▸ Brief: Where a line in the listing below contains the word "from", copy that line.

+ + + +

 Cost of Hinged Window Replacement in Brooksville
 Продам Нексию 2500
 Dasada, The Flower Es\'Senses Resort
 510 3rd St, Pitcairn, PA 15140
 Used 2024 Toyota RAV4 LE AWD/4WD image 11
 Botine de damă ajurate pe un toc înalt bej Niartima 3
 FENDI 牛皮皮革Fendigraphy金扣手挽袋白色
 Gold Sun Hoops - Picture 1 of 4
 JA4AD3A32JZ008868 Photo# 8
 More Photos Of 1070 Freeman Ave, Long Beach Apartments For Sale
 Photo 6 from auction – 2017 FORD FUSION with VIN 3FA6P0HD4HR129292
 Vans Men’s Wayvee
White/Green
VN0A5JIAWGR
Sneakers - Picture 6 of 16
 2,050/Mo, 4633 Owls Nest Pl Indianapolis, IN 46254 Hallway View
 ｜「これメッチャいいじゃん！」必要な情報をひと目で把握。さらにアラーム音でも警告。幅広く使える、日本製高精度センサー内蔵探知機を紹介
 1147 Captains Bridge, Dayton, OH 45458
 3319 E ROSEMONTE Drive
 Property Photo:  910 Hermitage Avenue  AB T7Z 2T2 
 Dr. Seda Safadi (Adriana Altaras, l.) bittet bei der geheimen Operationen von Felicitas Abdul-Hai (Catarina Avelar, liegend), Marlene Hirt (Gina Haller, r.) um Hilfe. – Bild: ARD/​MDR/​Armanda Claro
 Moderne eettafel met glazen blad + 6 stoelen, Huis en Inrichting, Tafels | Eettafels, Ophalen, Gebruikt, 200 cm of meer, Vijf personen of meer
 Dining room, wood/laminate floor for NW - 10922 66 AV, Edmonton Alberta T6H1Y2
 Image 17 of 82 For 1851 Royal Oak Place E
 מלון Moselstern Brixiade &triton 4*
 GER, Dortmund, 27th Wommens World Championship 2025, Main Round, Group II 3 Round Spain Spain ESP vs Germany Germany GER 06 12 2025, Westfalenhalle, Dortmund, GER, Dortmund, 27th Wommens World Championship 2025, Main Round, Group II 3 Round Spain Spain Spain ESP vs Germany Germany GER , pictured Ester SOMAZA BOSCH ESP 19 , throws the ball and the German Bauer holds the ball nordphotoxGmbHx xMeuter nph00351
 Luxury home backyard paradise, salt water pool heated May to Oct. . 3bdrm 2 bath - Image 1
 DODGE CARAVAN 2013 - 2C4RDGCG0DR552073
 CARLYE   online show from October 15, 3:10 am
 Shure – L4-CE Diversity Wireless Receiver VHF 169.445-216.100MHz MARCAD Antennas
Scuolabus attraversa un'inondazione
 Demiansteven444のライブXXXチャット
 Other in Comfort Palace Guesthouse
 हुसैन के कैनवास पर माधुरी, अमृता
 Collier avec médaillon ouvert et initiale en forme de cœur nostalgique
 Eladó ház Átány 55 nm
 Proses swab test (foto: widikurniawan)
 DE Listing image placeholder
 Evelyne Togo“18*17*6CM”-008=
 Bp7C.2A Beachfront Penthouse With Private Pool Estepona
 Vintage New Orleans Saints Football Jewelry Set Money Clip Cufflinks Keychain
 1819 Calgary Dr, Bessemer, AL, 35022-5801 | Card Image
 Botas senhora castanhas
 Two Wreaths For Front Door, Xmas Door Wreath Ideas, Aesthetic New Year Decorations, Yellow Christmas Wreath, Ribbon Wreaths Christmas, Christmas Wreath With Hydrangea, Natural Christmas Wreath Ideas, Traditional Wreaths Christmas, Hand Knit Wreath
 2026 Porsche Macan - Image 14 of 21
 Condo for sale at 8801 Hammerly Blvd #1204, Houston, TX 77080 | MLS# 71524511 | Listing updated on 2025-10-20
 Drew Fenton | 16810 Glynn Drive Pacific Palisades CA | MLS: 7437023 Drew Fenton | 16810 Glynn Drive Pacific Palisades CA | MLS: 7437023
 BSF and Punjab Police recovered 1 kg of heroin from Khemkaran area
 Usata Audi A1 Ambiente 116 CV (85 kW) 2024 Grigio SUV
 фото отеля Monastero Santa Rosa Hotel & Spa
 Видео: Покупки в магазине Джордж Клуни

+ + + +

▸ Final answer:
 Photo 6 from auction – 2017 FORD FUSION with VIN 3FA6P0HD4HR129292
 CARLYE   online show from October 15, 3:10 am
 BSF and Punjab Police recovered 1 kg of heroin from Khemkaran area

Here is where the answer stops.